Why use fuzzy logic for control ?

Controlling a system means that some characteristics of this system are monitored, and, depending on

the values of these characteristics, different controls are applied. An algorithm that transforms sensor

inputs into corresponding control values is called a control strategy. The previous chapters deal with the

traditional approach of control systems design that consists of the following:

• First, one tries to to describe the behaviour of the system in precise mathematical terms, i.e., one

comes up with the exact model of the system.

• Second, one tries to describe in precise terms what one wants to achieve. One wants the control

that is the best in the sense of some criterion.

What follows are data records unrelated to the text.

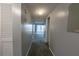 Hallway with carpet leading to a bright room at 559 Fairway Circle # A, Ocala, FL 34472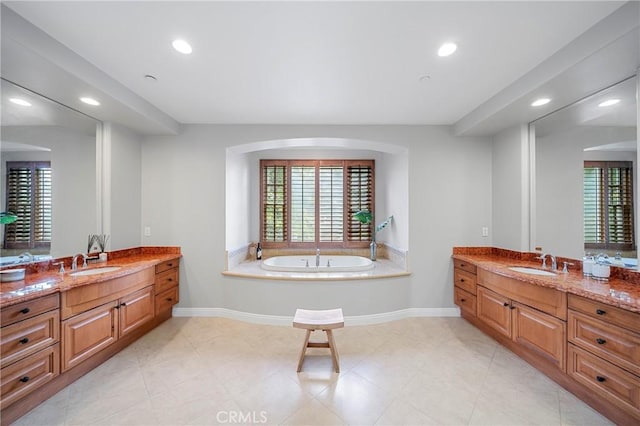 full bathroom with recessed lighting, two vanities, and a sink
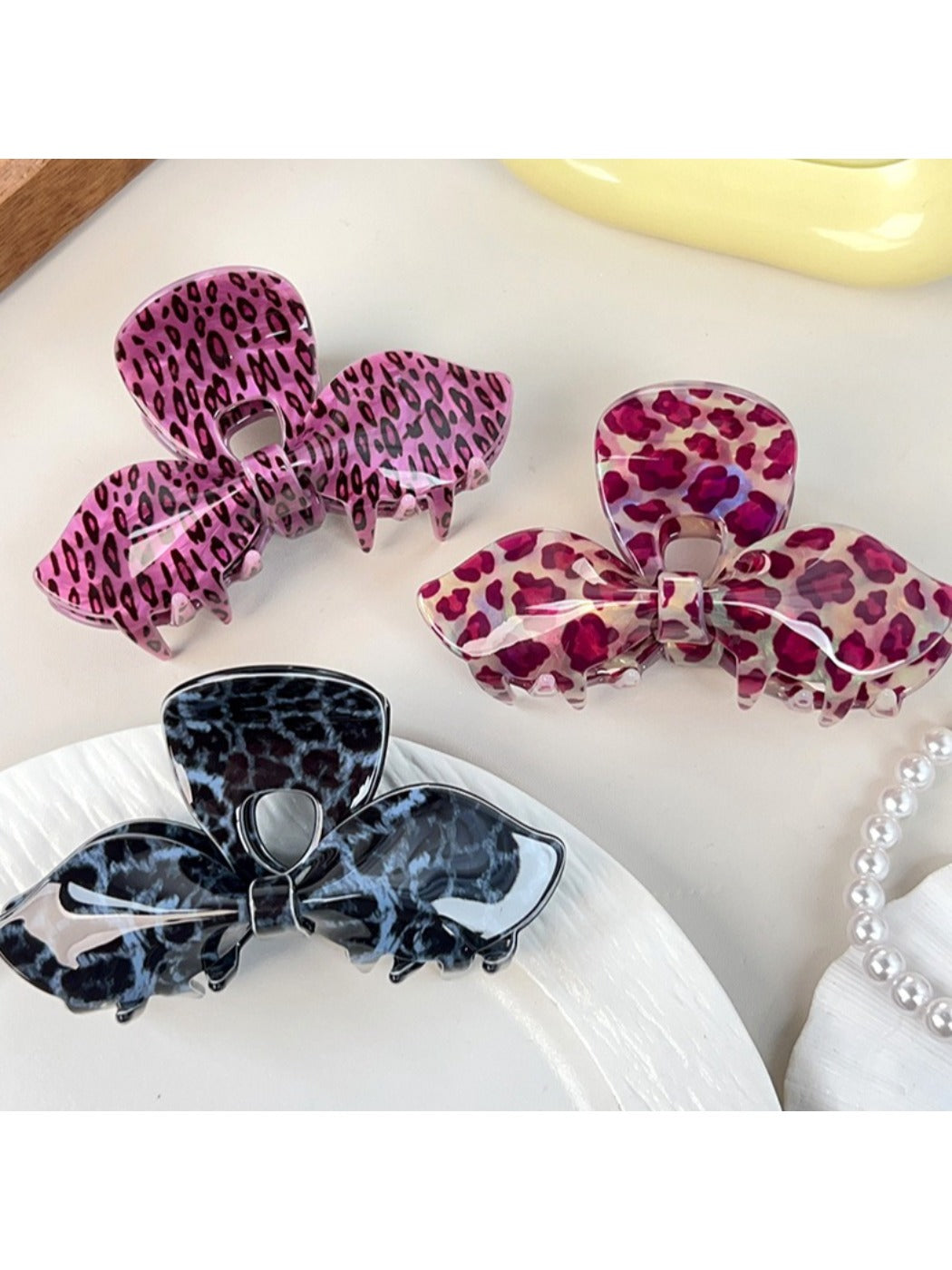 Side view of Beau leopard print bow hair claw clip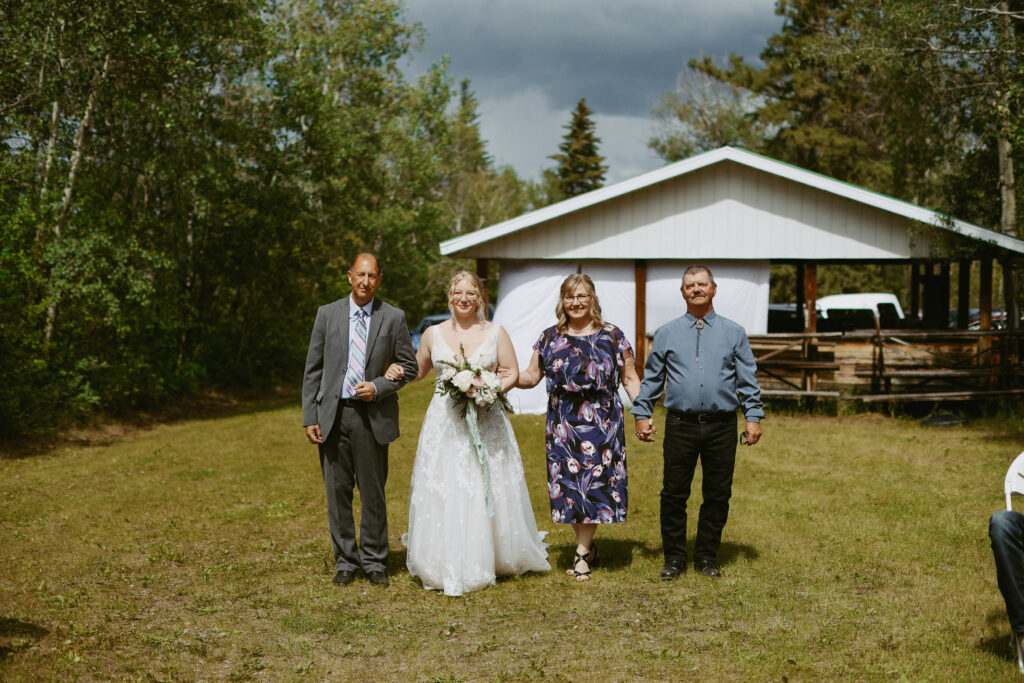 Bride walks down aisle with parents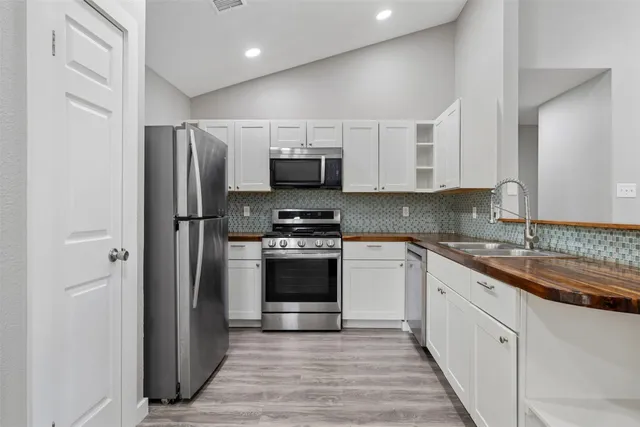a kitchen with stainless steel appliances granite countertop a refrigerator and a stove top oven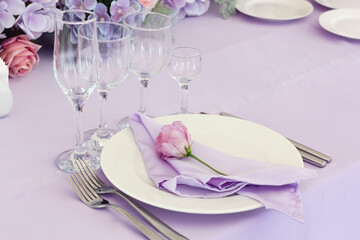 Setting the table for the celebration. A white plate with a lilac napkin on the table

• Now that the controlled system is described in precise mathematical terms, and the objective

function is described in the same manner, it can be determined for each control strategy and for

each initial state how exactly the system will change and what the resulting value of the control will

be. The main goal is then to find the control strategy for which the resulting value of the objective

function is the largest possible one. This is a well-defined mathematical optimisation problem, and

traditional control theory has developed many methods for solving this problem and designing the

corresponding control strategies.

Traditional control theory has many important applications. There are, however, practical cases when

this theory is not applicable. Indeed, to apply the traditional control theory, one must

• know the model of the controlled system,

• know the objective function formulated in precise terms, and

• be able to solve the corresponding mathematical design problem.

If one of these conditions is not satisfied, then traditional control methodology is not applicable, as in

the following cases:

• Sometimes, the model and the objective function is known, but the design problem cannot be

solved. This is when the design problem is very complicated, time consuming or when the problem

is new and algorithms for solving it have not yet been developed. For example, parking a car is an

example of a problem that traditional control theory has not considered until recently.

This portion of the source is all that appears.